**PROBLEM TO WORK ON**
With the pictures omitted, print exactly the lines below, from the one containing "Elmo, Schäferhundmischlingsrüde, ca." through the one containing "шишки Абаза", and nothing else.

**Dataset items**
+---+
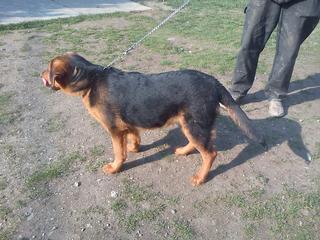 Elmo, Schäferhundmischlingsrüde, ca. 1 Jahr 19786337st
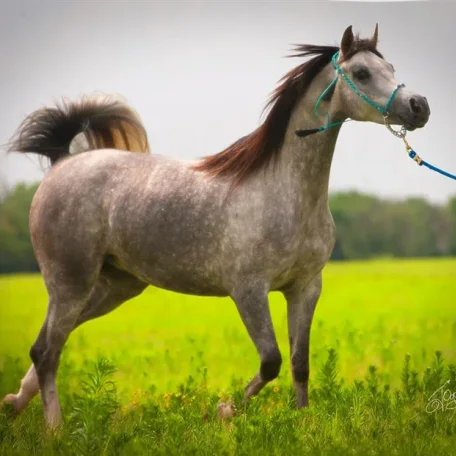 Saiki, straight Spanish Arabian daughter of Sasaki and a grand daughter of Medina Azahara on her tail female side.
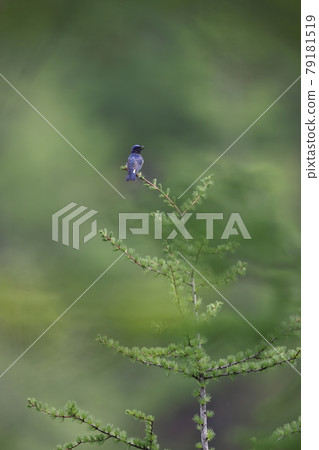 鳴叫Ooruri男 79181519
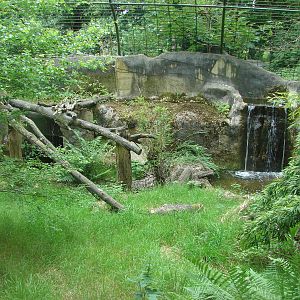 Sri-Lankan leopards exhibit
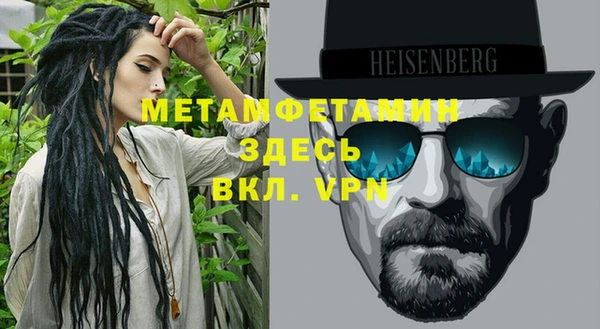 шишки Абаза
+---+
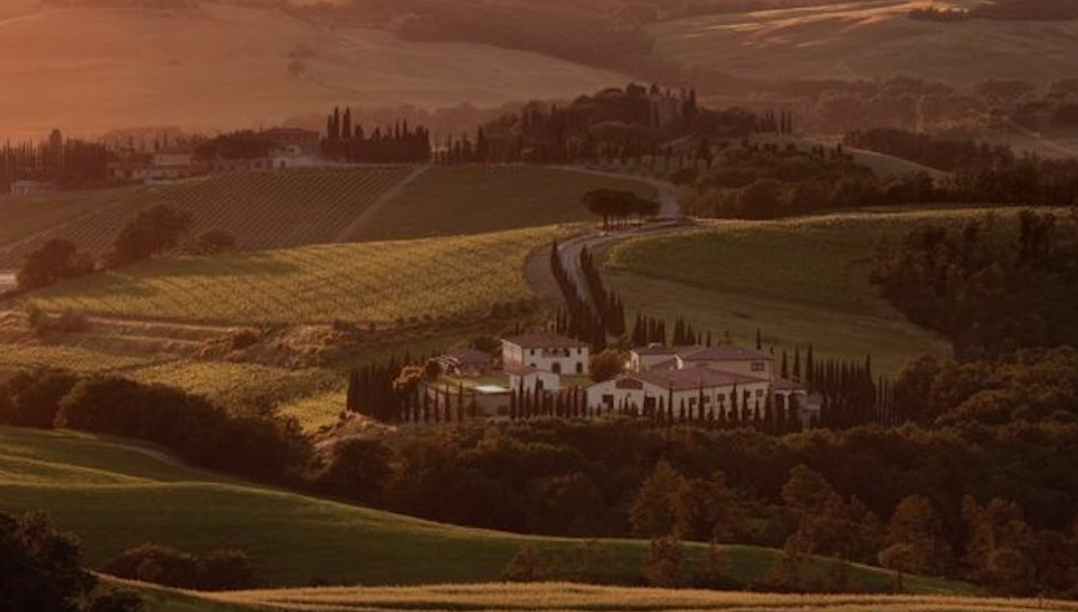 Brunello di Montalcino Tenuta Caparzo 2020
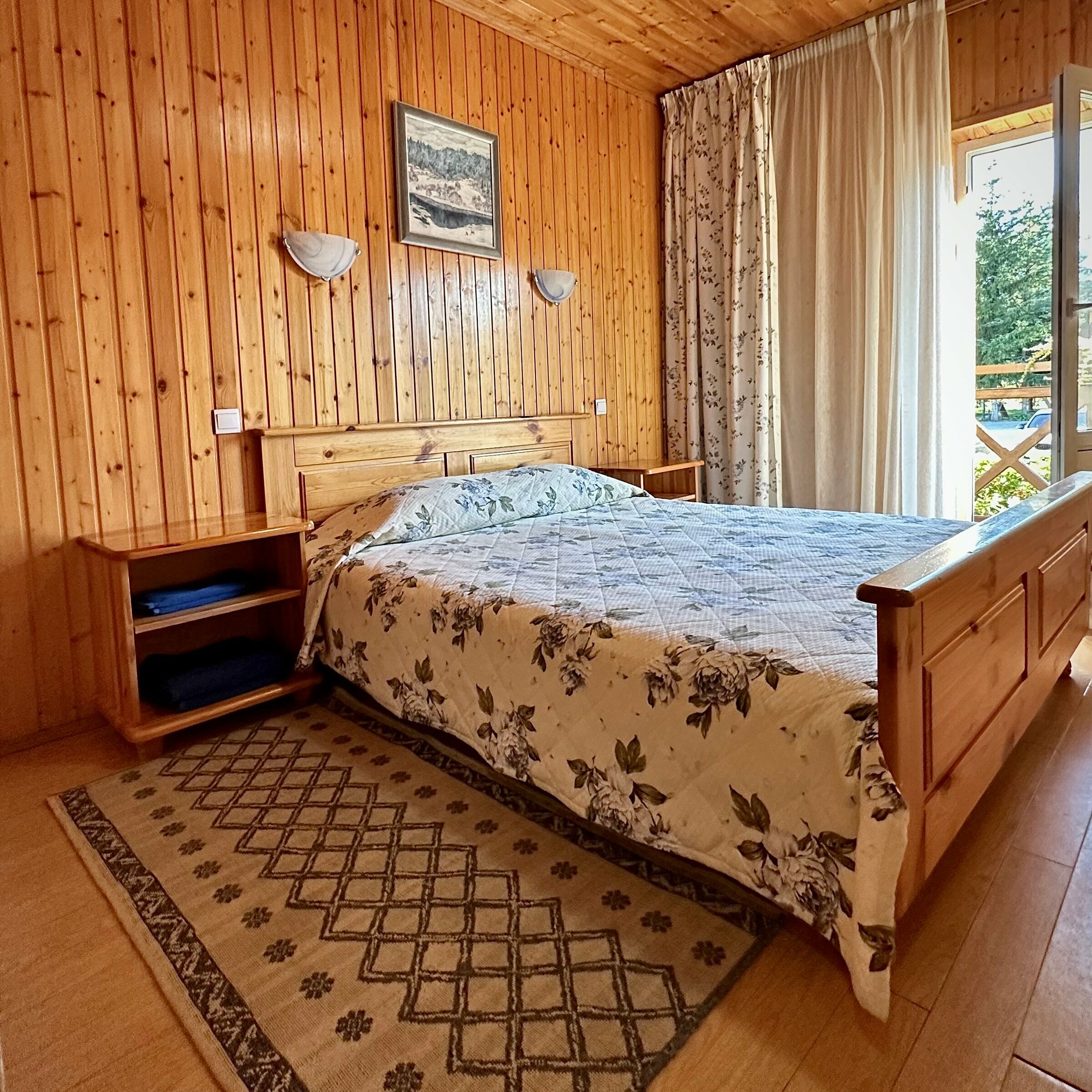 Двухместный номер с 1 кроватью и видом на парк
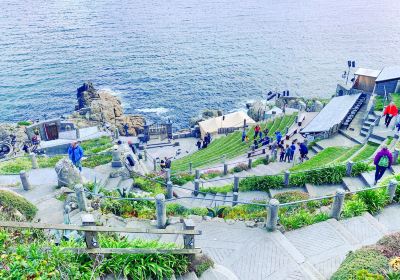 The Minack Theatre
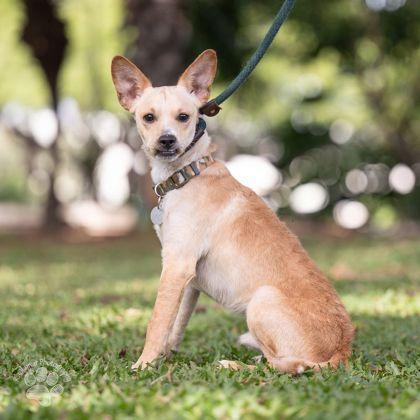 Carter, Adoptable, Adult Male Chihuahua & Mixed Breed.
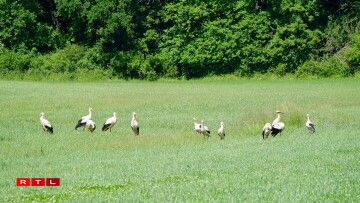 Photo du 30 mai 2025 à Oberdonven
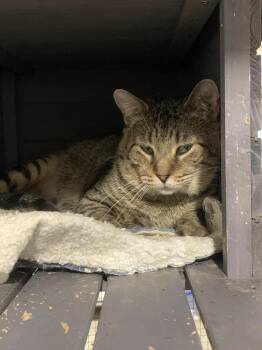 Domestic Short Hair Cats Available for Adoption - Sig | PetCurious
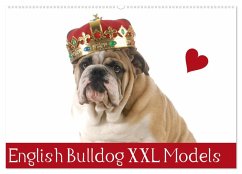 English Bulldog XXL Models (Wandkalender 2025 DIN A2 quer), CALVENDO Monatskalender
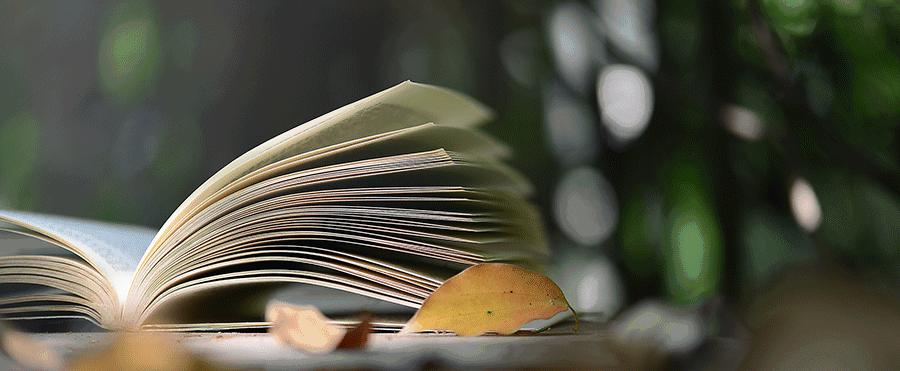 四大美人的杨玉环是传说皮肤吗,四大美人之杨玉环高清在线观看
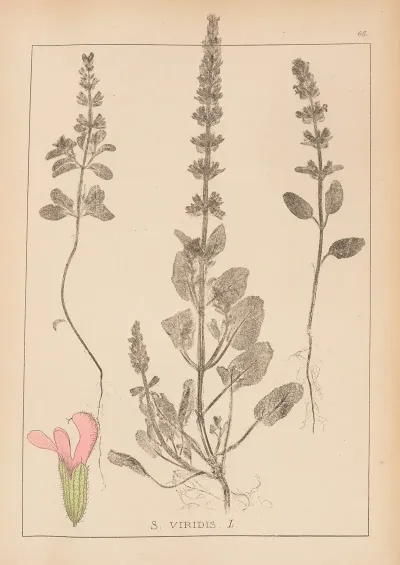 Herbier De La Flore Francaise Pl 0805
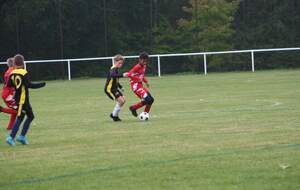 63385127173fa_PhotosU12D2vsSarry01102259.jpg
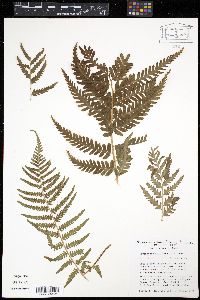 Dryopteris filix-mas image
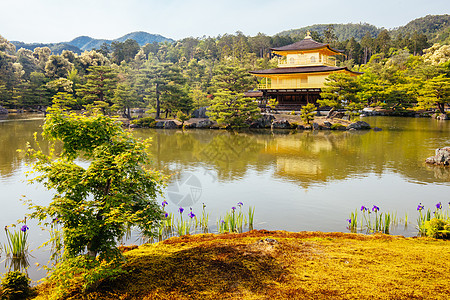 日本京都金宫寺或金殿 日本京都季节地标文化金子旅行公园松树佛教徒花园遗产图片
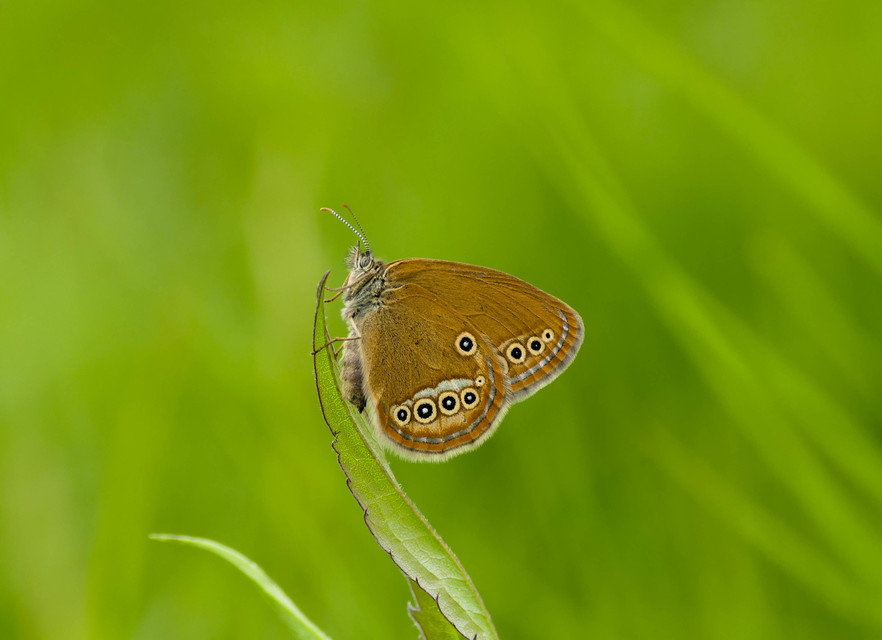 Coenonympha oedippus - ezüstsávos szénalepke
+---+
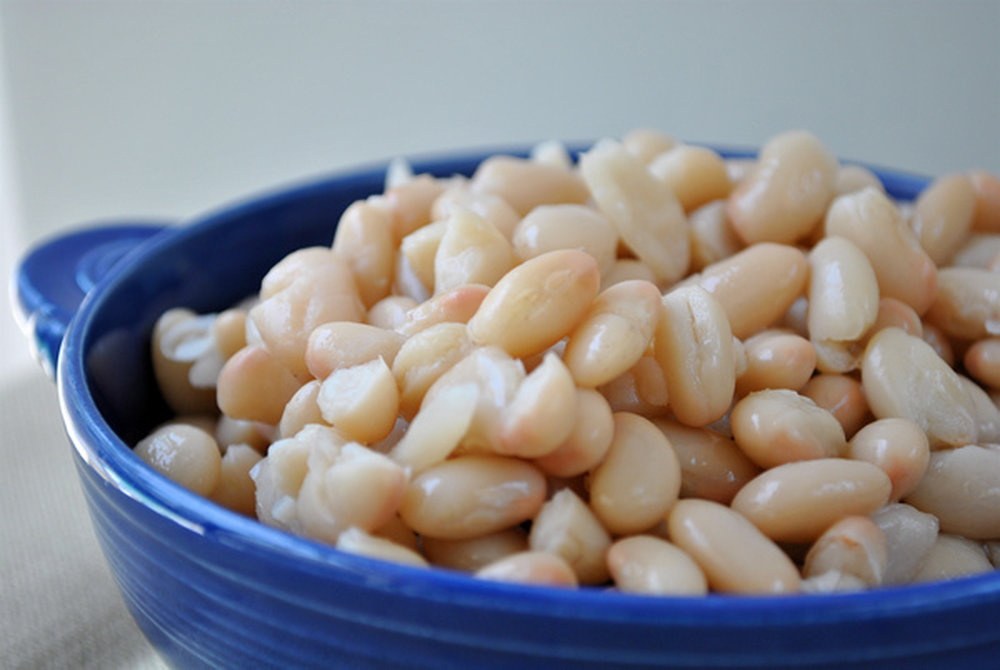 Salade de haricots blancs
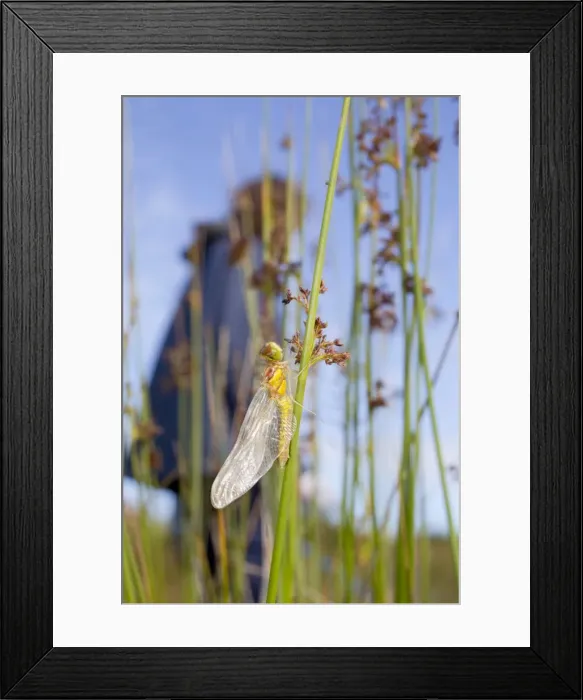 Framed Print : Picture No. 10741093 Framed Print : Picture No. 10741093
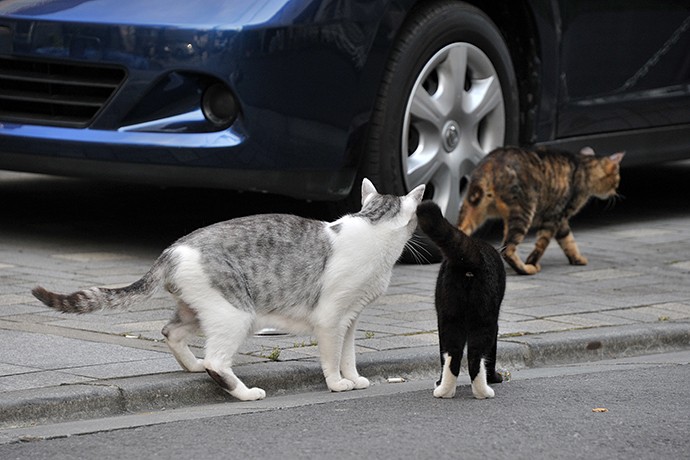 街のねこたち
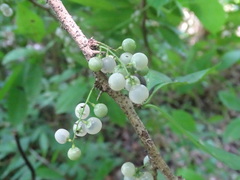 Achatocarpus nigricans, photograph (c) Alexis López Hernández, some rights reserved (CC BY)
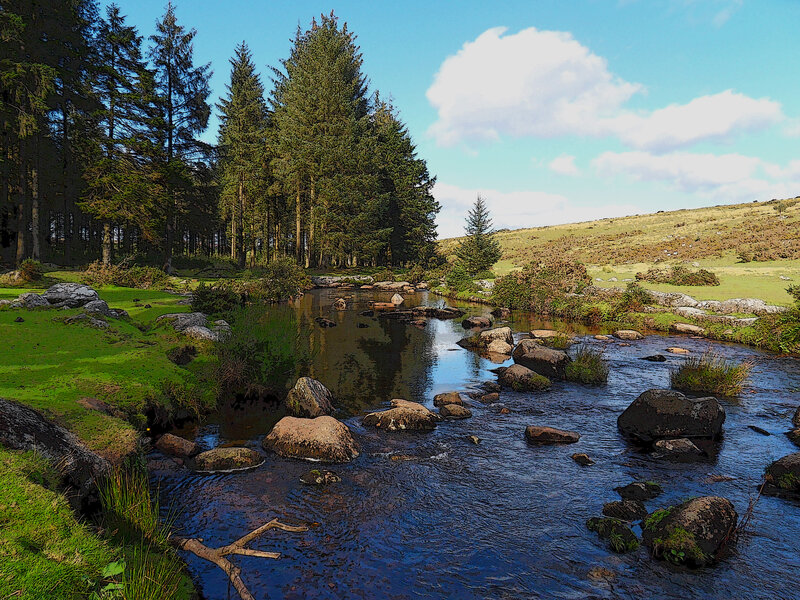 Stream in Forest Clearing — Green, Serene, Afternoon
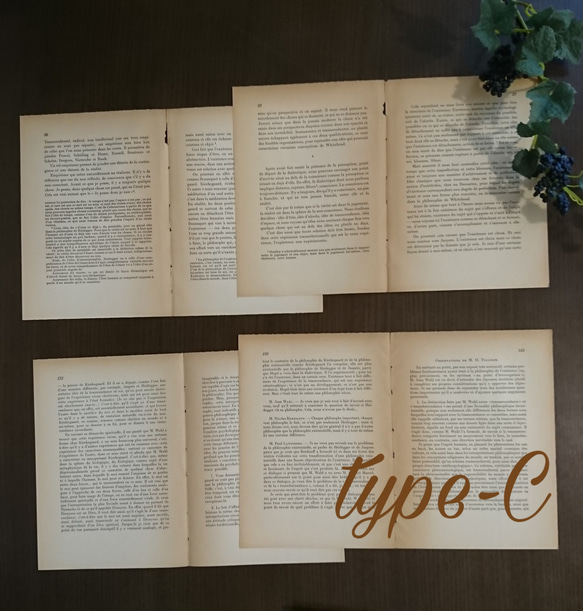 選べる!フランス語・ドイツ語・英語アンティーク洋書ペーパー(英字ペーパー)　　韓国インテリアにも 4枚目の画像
+---+
**EXERCISE RESULT**
 Elmo, Schäferhundmischlingsrüde, ca. 1 Jahr 19786337st
 Saiki, straight Spanish Arabian daughter of Sasaki and a grand daughter of Medina Azahara on her tail female side.
 鳴叫Ooruri男 79181519
 Sri-Lankan leopards exhibit
 шишки Абаза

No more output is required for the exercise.